» Problem details:
The records underneath are to be printed in full and exactly, with no pictures carried over.

───── Records supplied

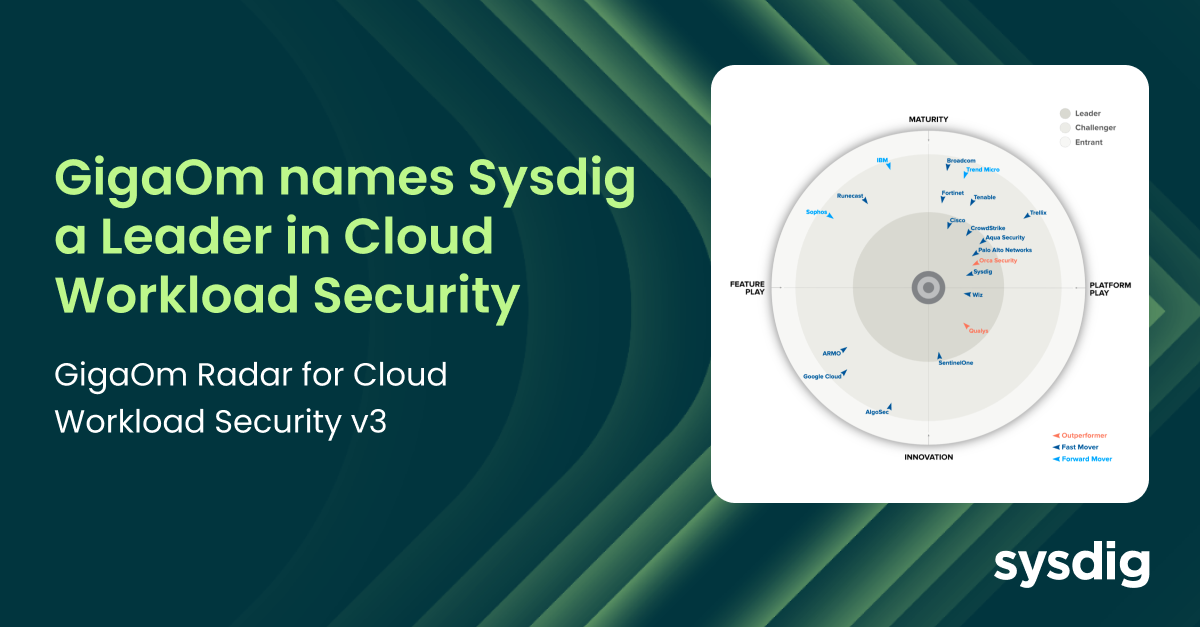 Sysdig、クラウドワークロードセキュリティ分野の『GigaOm Radar』でリーダーに選出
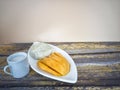 Delicious sticky rice with mango drench in sweeten coconut milk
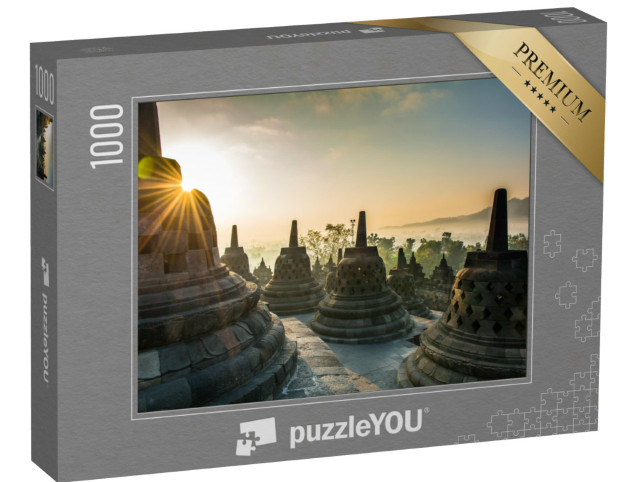 Puzzle 1000 Teile „Sonnenaufgang am buddhistischen Borobudur-Tempel, Insel Java, Indonesien“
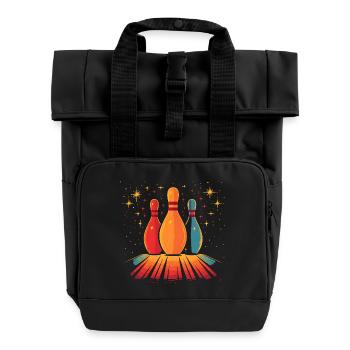 Bowling Retro - Rolltop Rucksack mit zwei Griffen - Schwarz - Vorne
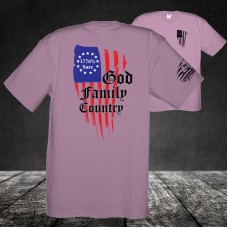 Midweight Unisex Crew Tee Shirt - God - Family - Country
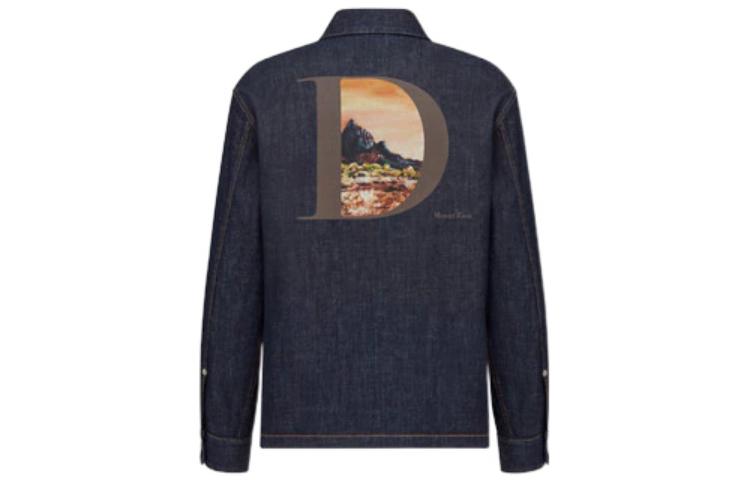 Lookbook DIOR 2022秋冬蓝色徽标与风景刺绣牛仔长袖衬衫 033D490H214X-C587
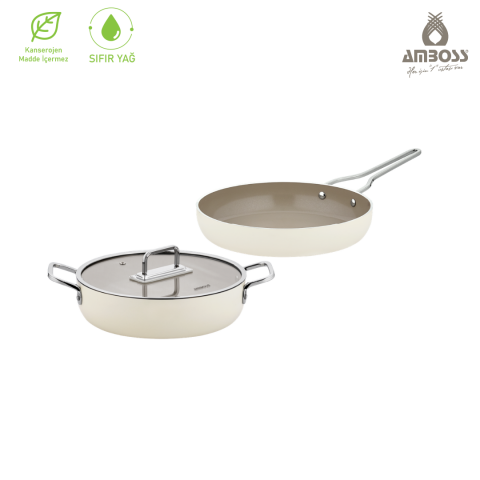 Sera Nova Seramik 3 Parça Tencere & Tava Seti - Latte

──────────

» Task output:
 Sysdig、クラウドワークロードセキュリティ分野の『GigaOm Radar』でリーダーに選出
 Delicious sticky rice with mango drench in sweeten coconut milk
 Puzzle 1000 Teile „Sonnenaufgang am buddhistischen Borobudur-Tempel, Insel Java, Indonesien“
 Bowling Retro - Rolltop Rucksack mit zwei Griffen - Schwarz - Vorne
 Midweight Unisex Crew Tee Shirt - God - Family - Country
 Lookbook DIOR 2022秋冬蓝色徽标与风景刺绣牛仔长袖衬衫 033D490H214X-C587
 Sera Nova Seramik 3 Parça Tencere & Tava Seti - Latte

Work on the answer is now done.